InspiraTO’s Playwrights’ Mentoring Project participants: Standing (L to R): Jenny Alexander, Lindsay Cochrane, Brett Haynes, Ayesha Mansur, A.M. Matte, Kevin Craig, Jordan Mechano, Christopher Duthie. Kneeling (L to R): Ashley Park, Rachel Ganz, Madeleine Jullian, Mirella Christou.

 

So far, I’ve written about two women attempting to rob a club owner, a mother eager to see her child off to college and a violin maker in love with a musician. None of those plays  have what it takes to make it to the festival’s mentors.

However, I’m fairly confident about my latest attempt, in which two crooks get swindled. I now just have to figure out if anyone gets shot at the end. Thoughts?

Good News and Free Flow

I happily began the year 2013 with three bits of good writing news:

– I won second place in Good News Toronto‘s True Story Contest. (more on that here)

– My short story Nelles (in French) will be published in the literary magazine Virages in March. (an excerpt can be found here)

–  I will have a ten-minute play produced in this year’s Inspirato Festival, for which I must  write a play from scratch.

As part of  Inspirato Festival’s Playwrights’ Mentoring Project, I attended a day-long workshop during which I met my fellow playwrights and did short writing exercises before being assigned the subject matter of the play I am to write for the festival in June 2013.
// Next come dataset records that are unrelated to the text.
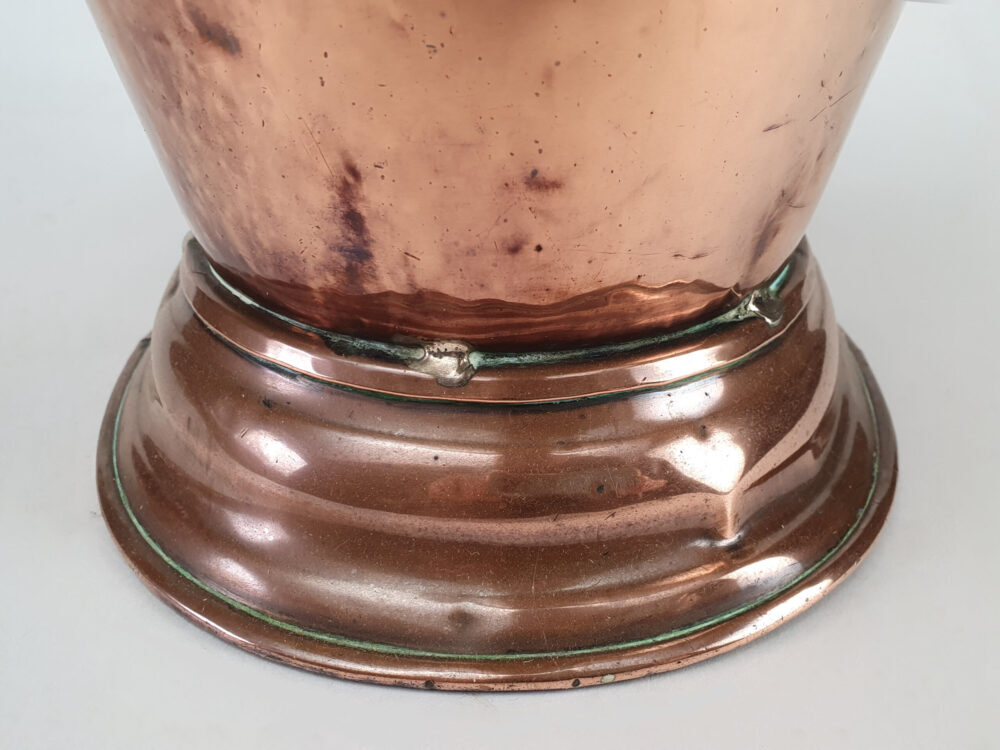 19th century decorative antique copper helmet shaped Coal Skuttle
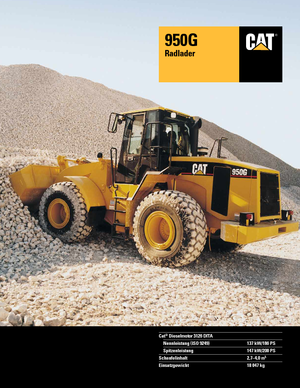Chargeuses sur pneus Caterpillar 950 G
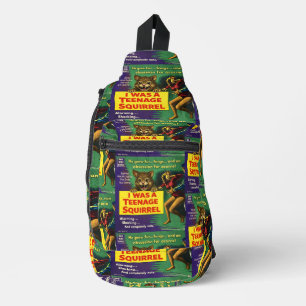 Ich war eine Teenager-Eichhörnchen-Parodie Crossbody Bag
One of the exercises included building a small sculpture and writing a free flow/stream of consciousness monologue from its point of view. The result:

We voyaged across the sea, but remain perched in precarious existence. If we photosynthesized, we’d be leaning toward the sun. As it is, we merely lean gravity-ward, which annoys us as we yearn to achieve more. We are both practical and whimsical; our career as a children’s entertainer didn’t last long. If we had the means, we’d bask in the collective glow of of super troupers and admiration. Sadly, the reflection of mere trinkets in the mirror remind us that inanimate life cannot hope, as Pinocchio did, to become real. And even if we fulfilled our dream of a grander, more productive life, it might be at the cost of a separation too painful to fathom. A diminutive pedestal therefore must suffice; hope of a melody at our centre remaining merely the lullaby of slumber, which, even that, escapes us.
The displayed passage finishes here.